Soho House New York In a town full of chic sleeps, private members' club-cum-swish-hotel Soho House New York remains the hippest place to rest your head. The rooms exploit their ex-warehouse proportions well, stretching out with soaring ceilings, fashionably bashed sofas and, in the larger rooms, free-standing baths at the foot of the beds. The Cowshed spa, which started life in Somerset sister property Babington House, has crossed the Atlantic well and is in line with the hotel's ramshackle chic. The rooftop pool and bar out-eye-candied the 'Sex and the City' girls in an infamous episode, and it remains the exclusive playground of the trendiest of Manhattanites. Guests, of course, bypass the velvet rope and an evening spent pout-spotting is worth the room rate alone.

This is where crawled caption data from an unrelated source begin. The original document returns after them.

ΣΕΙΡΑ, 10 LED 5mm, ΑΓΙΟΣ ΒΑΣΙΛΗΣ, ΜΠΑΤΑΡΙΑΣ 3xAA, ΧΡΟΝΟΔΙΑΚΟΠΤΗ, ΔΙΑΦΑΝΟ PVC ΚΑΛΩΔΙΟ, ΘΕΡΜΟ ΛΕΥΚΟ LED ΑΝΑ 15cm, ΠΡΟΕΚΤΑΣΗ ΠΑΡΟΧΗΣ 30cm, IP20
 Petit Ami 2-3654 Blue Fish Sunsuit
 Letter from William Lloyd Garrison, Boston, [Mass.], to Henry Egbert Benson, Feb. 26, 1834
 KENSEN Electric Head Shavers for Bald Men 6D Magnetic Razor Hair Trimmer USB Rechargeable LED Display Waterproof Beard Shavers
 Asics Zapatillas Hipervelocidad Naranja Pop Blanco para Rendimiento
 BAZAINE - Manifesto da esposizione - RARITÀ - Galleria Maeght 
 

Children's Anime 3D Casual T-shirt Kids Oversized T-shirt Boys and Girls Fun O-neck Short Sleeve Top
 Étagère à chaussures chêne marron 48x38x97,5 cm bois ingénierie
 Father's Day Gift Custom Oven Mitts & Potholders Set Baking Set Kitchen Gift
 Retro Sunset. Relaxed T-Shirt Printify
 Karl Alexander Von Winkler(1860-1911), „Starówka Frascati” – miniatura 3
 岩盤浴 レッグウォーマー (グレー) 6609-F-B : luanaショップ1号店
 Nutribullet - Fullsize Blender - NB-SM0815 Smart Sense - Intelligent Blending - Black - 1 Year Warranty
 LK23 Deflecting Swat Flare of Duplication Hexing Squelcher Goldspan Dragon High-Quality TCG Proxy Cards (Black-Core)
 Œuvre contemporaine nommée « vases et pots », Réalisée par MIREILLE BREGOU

The Waldorf-Astoria First built in 1893, the original Waldorf-Astoria was the city's largest hotel before it was demolished to make way for the Empire State Building. The current art deco Waldorf opened in 1931 and now has protected status as a historic hotel. The rooms, with wingback chairs, love seats, rich colours and layered fabrics, feel as if they were decorated by Upper East Side socialites of yore. Those socialites would feel right at home at the exclusive new Louis Vuitton-owned Guerlain Spa. Double-check your attire before entering the hotel – you won't be allowed in if you're wearing a baseball cap and ripped jeans.
Off hotel A very small (19 guests and the place is full) but cheap (£12 per person per night) crash pad on Griboedova, right in the centre of the city, Off is the perfect place from which to explore the palaces, embankments and museums which can be seen from its windows.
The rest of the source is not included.